[TASK TO COMPLETE]
Your answer must be the exact lines below, starting with the line with "55878-plasmid-map-sequence-id-258862" and going on through the line with "Сбор урожая: подарки для сада и дачи осенью", both included, with no pictures.

[RECORDS FOR THIS EXERCISE]
◇ ◇ ◇ ◇
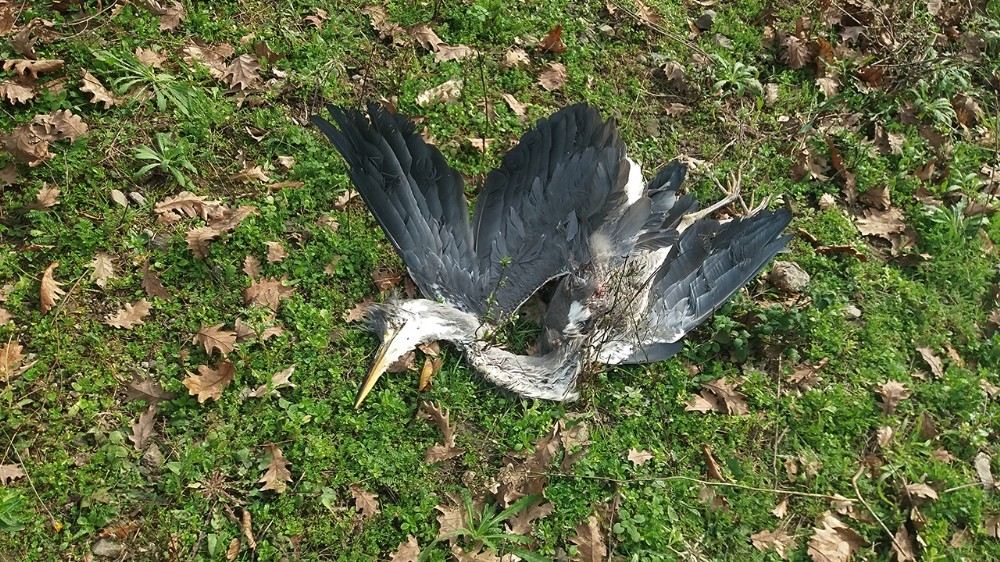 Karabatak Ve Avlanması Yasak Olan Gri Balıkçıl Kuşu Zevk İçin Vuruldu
◇ ◇ ◇ ◇
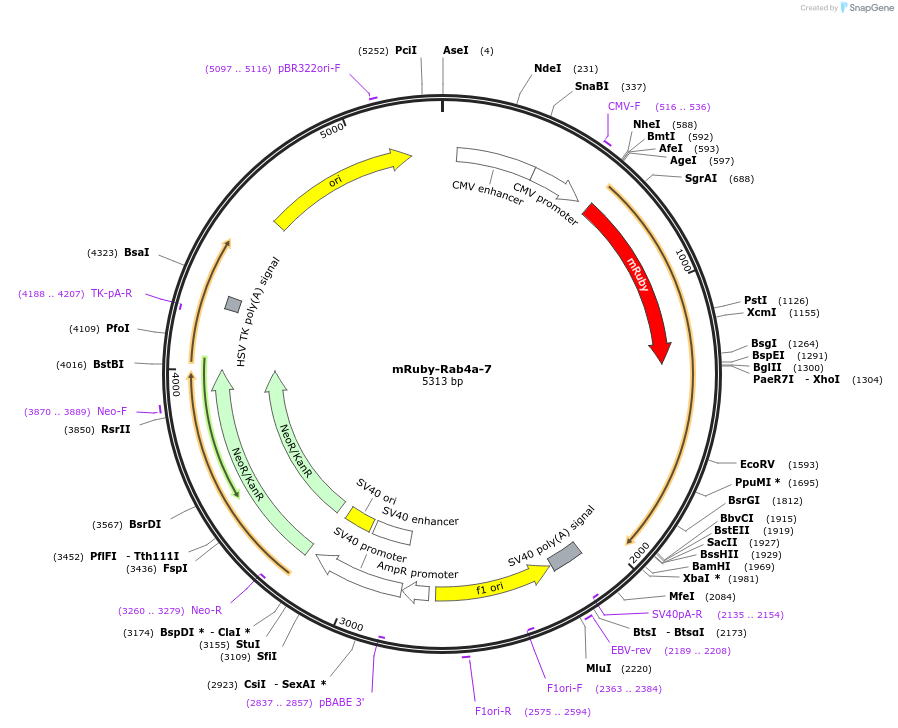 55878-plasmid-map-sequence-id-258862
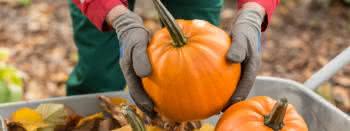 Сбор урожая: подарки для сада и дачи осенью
◇ ◇ ◇ ◇
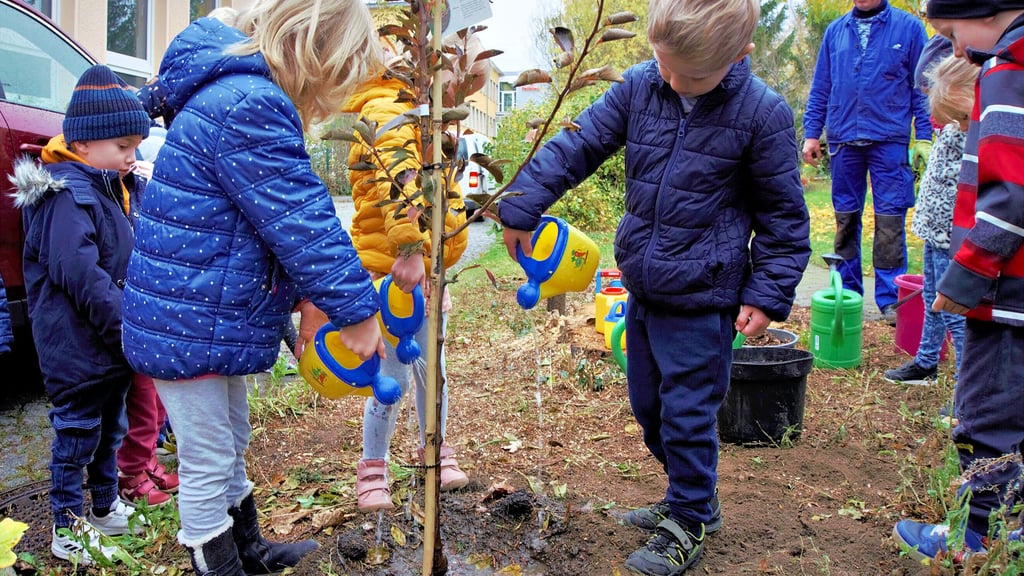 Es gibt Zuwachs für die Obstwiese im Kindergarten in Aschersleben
◇ ◇ ◇ ◇
[RESPONSE BELOW]
 55878-plasmid-map-sequence-id-258862
 Сбор урожая: подарки для сада и дачи осенью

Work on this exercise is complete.